It highlighted that I find myself in a very strange frame of mind in relation to
these various 'starchitects'. Because they are all so bloody talented at something,
it is all the more offensive how cavalier most of them are.
For instance, Zaha Hadid
hits real high notes for me with work like the Glasgow Riverside Museum ofTransport, where I see a compelling relationship between the brilliant
parametric rationalisation of structure and its potential to accommodate truly
extraordinary spaces. Much more convincing than Gehry's development of the
structures carrying his external forms, being as they are just complicated set
out exercises solved for him by Catia. But then Hadid goes on to be
generally wilful, probably careless, and megalomaniac on the scale of such
buildings as the Tokyo Stadium project. So that if I try to compare Hadid and Gehry, I end up
considering Gehry to be the more consistent architect.

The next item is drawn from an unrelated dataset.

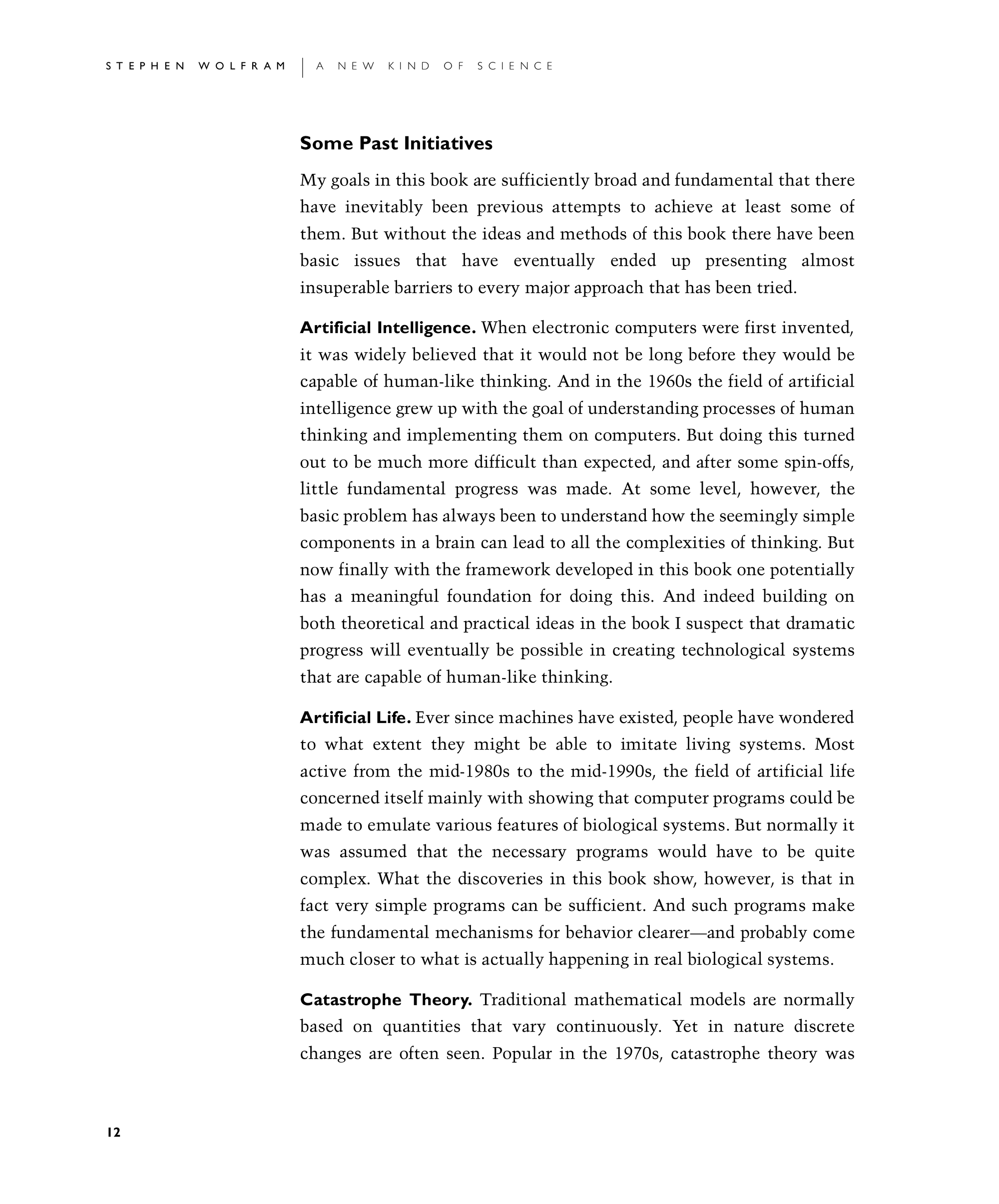 Page 12: Some Past Initiatives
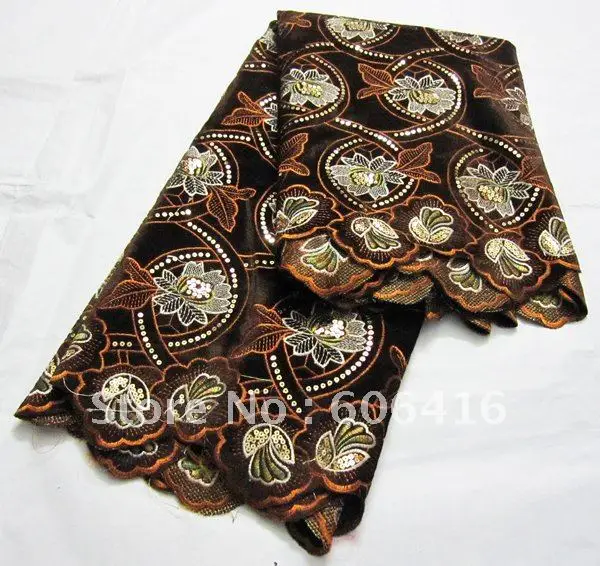 

Free delivery African lace fabric, the Swiss voile lace, cotton big lace, wholesale and retail, L-N0246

Of course, these kinds of comments,
that can be made about Gehry, Hadad, Vinoly and their like (and even, ironically,
about Calatrava) tend to confirm my admiration for Foster, and perhaps
Piano. Why?
Everything is a matter of bias. What I see as connecting
threads to emphasize in discussing buildings, in the end give away
the value system I inherited as an undergraduate. I studied in the late 60's, the tail end of
modernism. Which biases I obviously still carry. For instance, it doesn't matter how hard I tried along the way to give equal weight
to such ideas as highly redundant structures, when even the structural
engineers woke up to the idea that ‘structural honesty’ is an unnecessary bit
of baggage. I still value more a piece of elegant structural determinism.
I believe as an un-negotiable condition of criticism that the critic should always declare their biases. So there: I am something of an un-reconstructed modernist.